The Supreme Court’s recent ruling on New York’s anti-concealed carry law has broader ramifications for similar gun control laws across the country, many of which can now be challenged by Second Amendment advocates.
Politico reports that some of the states with gun control laws that may now be in jeopardy after the ruling include California, Maryland, Massachusetts, New Jersey, and Washington D.C. Such states and jurisdictions also have laws in place that similarly try to restrict the ability of residents to carry handguns in public, in what is known as a “may-issue” approach.
Now, as a result of the Supreme Court’s verdict, such states may have to rewrite the laws that are already on the books in order to avoid legal challenges based
on the court’s latest ruling. Doing so would change these states to a “shall-issue” basis, which means anyone who applies for a concealed-carry permit is more likely to receive one after applying, as they do not have to give a specific reason for doing so.
The now-overruled New York law required any potential applicants to show proper cause for needing a concealed weapon in public, and were often at the mercy of local officials in determining whether or not they could qualify. This was determined by the court, in a 6-3 decision, to be in violation of the Second Amendment to the Constitution.

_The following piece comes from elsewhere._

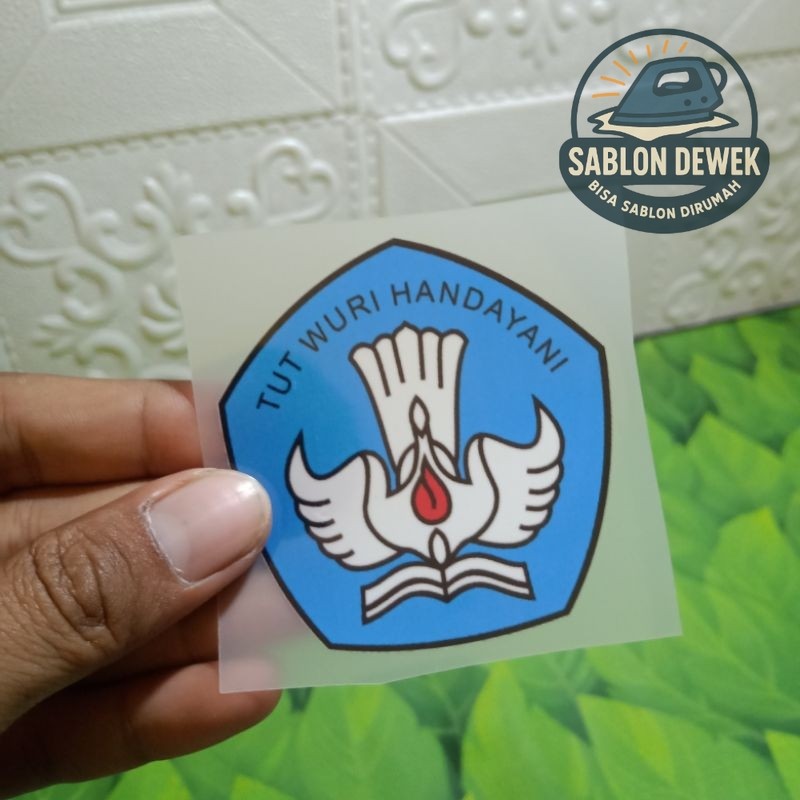 

Sablon Setrika DTF Logo Tut Wuri Handayani 6.5x6.5 Cm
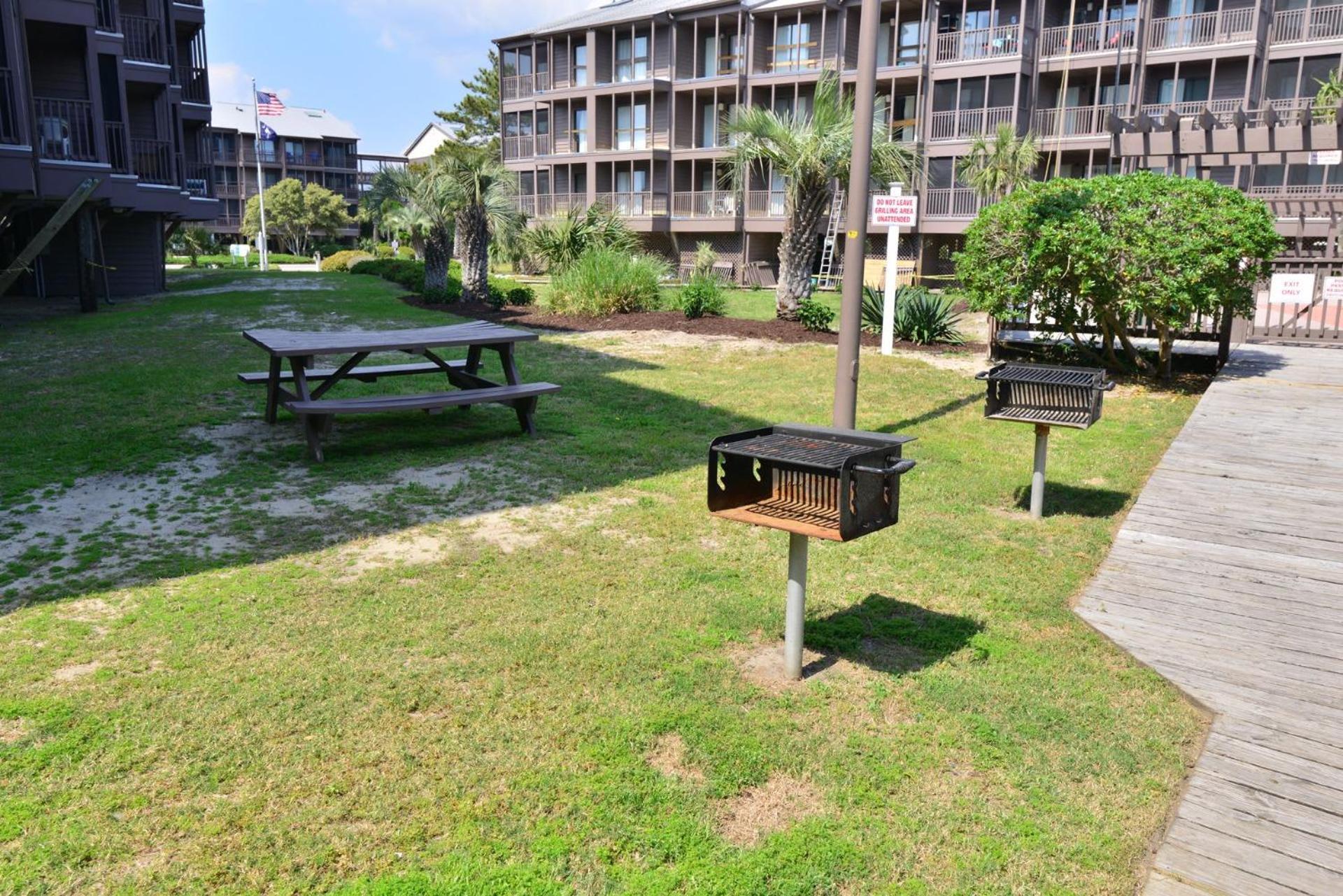 Holiday home Sweet Caroline Remodeled With Partial Ocean View And Oceanfront Pool Myrtle Beach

The National Rifle Association (NRA) celebrated the ruling as a “monumental win,” but pointed out that “many unconstitutional gun control laws remain” throughout the United States.
“Today’s ruling established the right to carry does not disappear at a person’s front door, but many unconstitutional gun control laws remain in America,” the NRA said in a statement. “The NRA will continue to fight these laws until every law-abiding American can exercise their right to defend themselves and their families with the firearm of their choosing.”
Michael Walden, the president of the Brennan Center for Justice at NYU Law, said that the Supreme Court ruling opened the door for the NRA and other gun rights groups to sue other states with similar laws.
“What it really means is that the NRA, and gun rights advocates will get a do-over and will be in court tomorrow, challenging hundreds of gun laws all across the United States,” Waldman said. “It will be very hard for states and cities and Congress to know what is allowed right now, what kind of regulation or firearms is even constitutional?”